The conventional “wisdom”  on pricing is, when recession pushes customers to cut  back on expenses and switch from your products to cheaper alternatives,  you cut your prices to keep the customers. While this is a usually accepted and followed practice, it is neither wisdom nor based on analysis.

To be successful, businesses cannot make decisions based on hunch, gut feel, latest management fad, or so called conventional wisdom. Decisions need to be based on data and analysis which is easier said than done.

In the case of Starbucks, how did they arrive at price increase, going against the flow? The simplest calculation here is, when price conscious customers moved out all they are left with are price insensitive customers who prefer their products. Hence it makes sense to charge more for them as long as the loss in profit from further drop in customers is less than the increase in profit from higher price. (Here is an attempt at formal proof on why increasing prices yields better profits).

Starbucks has a gross margin of 22%. This is however the average. On their high priced premium drinks we can assume that their margins are at least twice as much. So let us say it is 44% gross margin. Their premium drinks retail for \$3.75 or higher, so the new price is \$4.05 and at 44% margin, their profit per cup is\$1.78 . (Please note that gross margin numbers from GAAP income statements are not based on just marginal costs and include fixed cost allocations.)

Let us say they sell ‘N’ premium drinks in a year at the current price. The increase in profit from 30 cent price increase (if the number of drinks sold remains ‘N’) is  0.3N. You will see the value of N is not important to the analysis.

However, there is bound to be fall in sales. But how far should the sales fall to negate the benefits of price increase?
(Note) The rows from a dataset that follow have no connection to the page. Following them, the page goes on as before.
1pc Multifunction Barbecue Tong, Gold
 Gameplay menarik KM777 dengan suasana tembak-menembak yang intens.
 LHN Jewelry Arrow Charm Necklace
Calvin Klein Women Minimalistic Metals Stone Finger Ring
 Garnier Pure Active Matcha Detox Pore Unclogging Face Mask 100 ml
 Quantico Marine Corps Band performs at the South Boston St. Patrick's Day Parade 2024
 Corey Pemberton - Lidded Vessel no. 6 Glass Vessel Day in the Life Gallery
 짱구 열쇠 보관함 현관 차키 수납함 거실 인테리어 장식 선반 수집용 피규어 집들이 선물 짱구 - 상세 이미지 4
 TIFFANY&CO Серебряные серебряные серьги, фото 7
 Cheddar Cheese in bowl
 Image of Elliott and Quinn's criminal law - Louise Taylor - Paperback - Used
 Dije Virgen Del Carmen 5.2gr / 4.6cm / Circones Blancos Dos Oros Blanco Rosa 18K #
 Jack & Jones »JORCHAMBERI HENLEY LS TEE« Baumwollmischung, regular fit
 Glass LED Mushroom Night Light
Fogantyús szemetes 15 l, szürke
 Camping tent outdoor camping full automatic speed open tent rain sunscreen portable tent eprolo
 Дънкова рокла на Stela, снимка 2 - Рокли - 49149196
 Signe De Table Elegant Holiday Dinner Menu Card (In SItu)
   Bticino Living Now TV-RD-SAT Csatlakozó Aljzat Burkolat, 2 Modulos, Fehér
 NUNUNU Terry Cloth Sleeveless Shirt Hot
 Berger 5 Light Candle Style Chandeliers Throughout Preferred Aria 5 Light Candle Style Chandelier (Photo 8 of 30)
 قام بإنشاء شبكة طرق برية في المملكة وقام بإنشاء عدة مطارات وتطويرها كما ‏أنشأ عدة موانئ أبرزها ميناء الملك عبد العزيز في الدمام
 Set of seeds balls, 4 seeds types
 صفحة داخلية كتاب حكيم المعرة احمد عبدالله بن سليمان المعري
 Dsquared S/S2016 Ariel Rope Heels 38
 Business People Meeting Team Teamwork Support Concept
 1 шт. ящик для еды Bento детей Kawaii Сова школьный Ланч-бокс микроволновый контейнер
Let us say the sales falls from  by ΔN cups, then lost profit from this lost sales is   1.78ΔN

Their price increase will result in net loss only if 1.78ΔN  > 0.3N, that is sales has to fall by 17% from its current levels.  One in six people has to stop buying the premium drink.  (Note: We assumed a 44% margin, if it is lower  that that then the sales have to drop much more than 17% to make the price increase option unattractive)

Another way to look at this is from price elasticity of demand – % change in volume for one % change in price. For the price increase to be unprofitable, price elasticity of demand must be just over 2 (every % increase in price should result in  drop in volume of 2%).

The New York Times asks, “Will the hard-core customers pay more”? How likely is a 17% sales drop? Not very given that most price sensitive customers have moved out and what they are left with are those who prefer Starbucks over other brands. So their price sensitivity is most likely to be lower than it would have been before the recession.

Hence a 17% drop in sales is  highly unlikely. In terms of elasticity, premium drinks moved to inelastic part of the demand curve. As long as the sales drop stays below the 17%  mark, the price increase is a profitable and a smart move for Starbucks.

You can see how  Starbucks would have made this counter-intuitive decision – because it is based on evidence and analysis. Unfortunately this does not come naturally to most marketers, because no one wants to go against the flow or stand-up to authority. Worse, most marketers accept conventional wisdom without a challenge  because they lack  inclination and wherewithal to seek the right data and do the relevant analysis.